Worrying reports of a fresh coup attempt in Niger have made headlines.

Development Diaries reports that the country’s President, Mohamed Bazoum, has reportedly been seized by members of the presidential guard, leading to a protest in the capital, Niamey.

It is understood that the country’s Minister of Interior, Hamadou Souley, was arrested by the presidential guard on Wednesday morning along with Bazoum.

It is also understood that the Economic Community of West African States (ECOWAS) said earlier in the day, in a statement, that there had been an ‘attempt to seize power by force’ in the West African country.

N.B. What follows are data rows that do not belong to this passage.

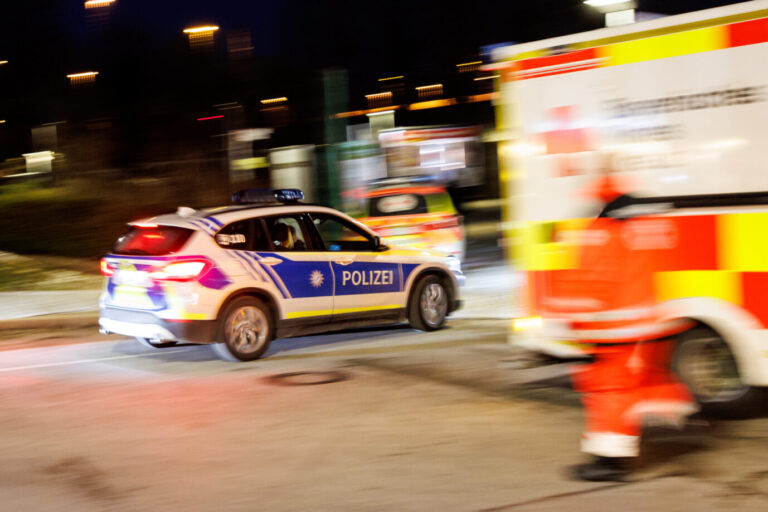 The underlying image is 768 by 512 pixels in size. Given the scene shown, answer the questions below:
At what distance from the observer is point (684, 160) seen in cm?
688

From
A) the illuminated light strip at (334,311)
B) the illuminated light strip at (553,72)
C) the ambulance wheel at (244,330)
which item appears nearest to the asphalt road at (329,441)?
the ambulance wheel at (244,330)

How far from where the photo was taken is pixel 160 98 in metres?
34.3

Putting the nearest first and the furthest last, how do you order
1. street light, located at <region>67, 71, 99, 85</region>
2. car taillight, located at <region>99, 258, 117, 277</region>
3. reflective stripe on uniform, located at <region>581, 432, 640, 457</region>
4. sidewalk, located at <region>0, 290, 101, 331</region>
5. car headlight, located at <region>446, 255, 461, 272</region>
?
1. reflective stripe on uniform, located at <region>581, 432, 640, 457</region>
2. car taillight, located at <region>99, 258, 117, 277</region>
3. car headlight, located at <region>446, 255, 461, 272</region>
4. sidewalk, located at <region>0, 290, 101, 331</region>
5. street light, located at <region>67, 71, 99, 85</region>

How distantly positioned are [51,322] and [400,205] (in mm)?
6097

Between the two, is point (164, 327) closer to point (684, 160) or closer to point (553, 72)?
point (553, 72)

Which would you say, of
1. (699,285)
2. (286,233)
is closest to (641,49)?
(699,285)

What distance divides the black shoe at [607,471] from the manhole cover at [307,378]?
3.59 meters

According to a CNN report, hundreds of protesters later gathered in Niamey in support of Bazoum, with presidential guards firing ‘warning shots’ to block their advance.

Since gaining independence from France in 1960, Niger has experienced four coups and countless attempted ones, making it one of the most coup-prone countries in the world.

The Lomé Declaration of 2000 and the African Charter on Democracy, Elections and Governance of 2007 both define aspects of unconstitutional change of government to include: a military coup against a democratically elected government; mercenary intervention to replace a democratically elected government; replacing a democratically elected government by dissident armed groups and rebel movements; or refusal of an outgoing government to relinquish power following defeat in free, fair and regular elections.

Development Diaries condemns the attempt to seize power by force and calls on the coup plotters to immediately free the democratically-elected president.

Also, ECOWAS must ensure that unconstitutional changes of government in the region are not tolerated.